Life is usefully defined on the basis of process: Any set of entities that participates in the process of evolution by natural selection is alive. But how does evolution by natural selection—and thus life—get started? The answer is far from obvious. Lack of insight haunts origins of life research and plagues understanding of the major evolutionary transitions, including the transition from cells to multicellular life.

In a new paper published in Nature Ecology & Evolution, a team led by Paul Rainey at ESPCI Paris and the Max Planck Institute for Evolutionary Biology provides a solution. Adopting a theoretical approach inspired from earlier and on-going experiments, Rainey and his team show how ecological circumstances can kick-start life, both from the get-go, and also at each of the major evolutionary transitions.

For entities to participate in the process of evolution by natural selection, entities need to be discreet and vary one to another, entities must replicate and offspring must resemble parental types. These basic Darwinian properties (variation, reproduction and heredity) are such fundamental features of life that it is easy to take their existence for granted. But as Black et al point out, Darwinian properties are derived and require evolutionary explanation. In the absence of any manifestation of heritable variance in fitness evolution is governed by chance alone and the road out of randomness difficult to conceive.

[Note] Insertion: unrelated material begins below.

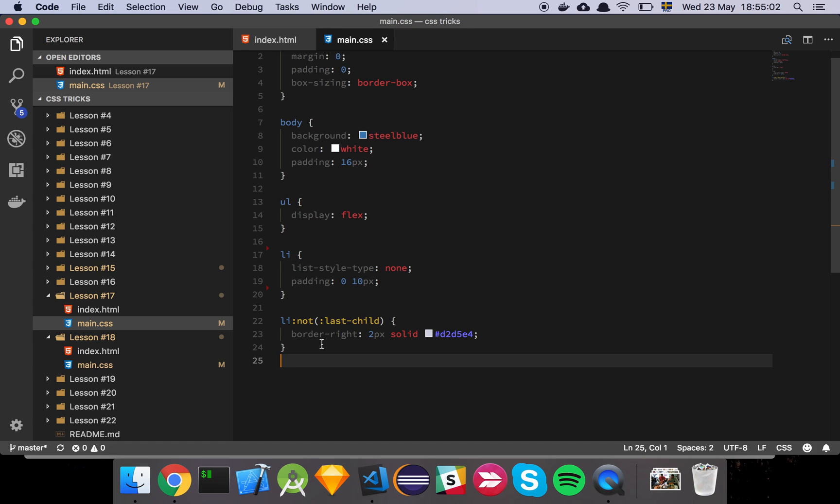There's tons of use cases where you have tables and other things where you have a color scheme or a border bottom or something like that. And you want everything to have a border bottom, but not the last element. So just remember this next time you're working with a list of some sort and have a great day.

Black et al argue that previous work has underappreciated the role of ecology. When more fully embraced, it becomes apparent that certain ecological circumstances can act to exogenously impose Darwinian properties on otherwise non-Darwinian entities. The team refers to this as “ecological scaffolding.” Rainey says the necessary conditions are minimal: nothing more than patchily distributed resources and a means of between patch dispersal.

He points out that team members have previously explored the idea using bacterial populations to watch evolutionary change in real time. Starting with free-living cells the researchers exogenously imposed Darwinian properties on groups of cells resulting in the groups evolving as if members of multicellular organisms. According to Rainey, the result was striking: “Not only did groups become more successful, but they even evolved traits that underpinned a developmental program fueling a multicellular life cycle.”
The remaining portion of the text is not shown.